Quand il marchandait la reprise des relations diplomatiques avec la Chine, il a oublié tous les programmes d’encadrement engagés par Taïwan dans les rizières de Casamance et de la Vallée. Il ne voyait que les cadeaux qu’il allait recevoir des mains des chinois. Mais ce que Wade a trouvé de plus fort à faire, c’est de nous envoyer son nouvel idéologue Bara Diouf répéter aux oreilles de nos pauvres paysans les insultes inacceptables de Nicolas Sarkozy. Le même Abdoulaye Wade qui nous disait en juillet 2003 qu’il avait révolutionné l’histoire de la pluviométrie de ce pays avec les bassins de rétention et les pluies provoquées, reproche à nos paysans leur soumission aveugle aux saisons qui se répètent inlassablement. C’est un peu reprocher à des victimes d’être des victimes : « tenez-vous bien, si la famine vous frappe, vous en serez les seuls responsables, parce que vous êtes soumis aux saisons ». Mais quelle mauvaise foi ! On ne peut pas tenir tout un peuple comptable des mensonges d’un seul homme.  
Ce qu’Abdoulaye Wade envisage encore comme un avenir reluisant risque d’être plus qu’une catastrophe humanitaire. Au fond, pas pour les raisons souvent invoquées. Il est vrai que la rareté des céréales aura un impact dramatique dans une cinquantaine de pays dans le monde, parmi lesquels le Sénégal. Mais le plus grave, c’est l’état de délabrement du trésor public. Pendant que la Banque mondiale alertait la plupart des Etats sur la crise à venir, Abdoulaye Wade utilisait les milliards de l’Etat pour s’acheter son nouvel Airbus.
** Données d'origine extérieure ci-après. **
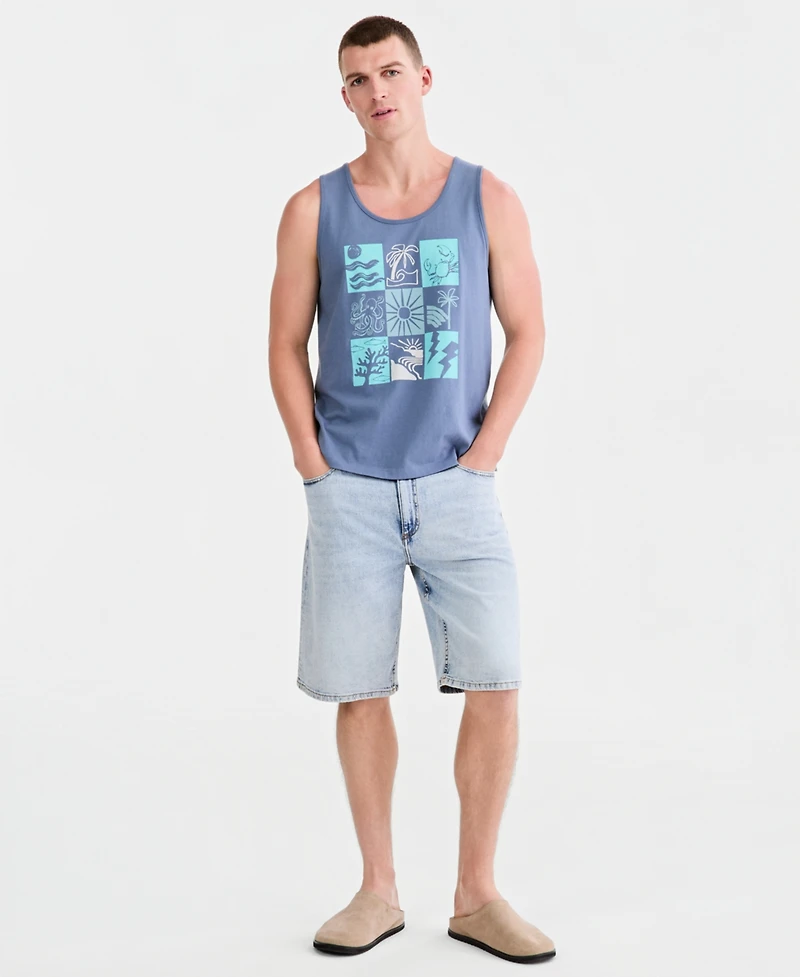 Sun + Stone Men's Cotton Beach Tile Graphic Tank Top, Macy's Exclusive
Les ressources de l’Etat ont été systématiquement pillées pour assurer sa vie de cour. Ces problèmes n’ont évidemment rien à voir avec le marché mondial ou le cours du pétrole que tous ses ventriloques agacés accusent injustement. Ce sont des problèmes d’éthique de gestion. Ce qui vient d’arriver aux enseignants est un problème plus profond. Depuis trois ans, les caisses de l’Etat sont vidées pour remplir des comptes ouverts dans des banques de la place au nom des « agences ». Tous les fournisseurs de l’Etat et les grandes entreprises le savent depuis longtemps, l’Etat du Sénégal n’est plus solvable. Les fournisseurs l’avaient si bien compris qu’ils ne fournissaient plus que l’Anoci qui payait rubis sur ongle, alors que tout manquait dans les ministères, même un petit stylo. La question est d’autant plus grave que depuis le début de l’année, l’Etat réclame aux privés des paiements d’impôt par anticipation en procédant par « estimation » à partir des années précédentes.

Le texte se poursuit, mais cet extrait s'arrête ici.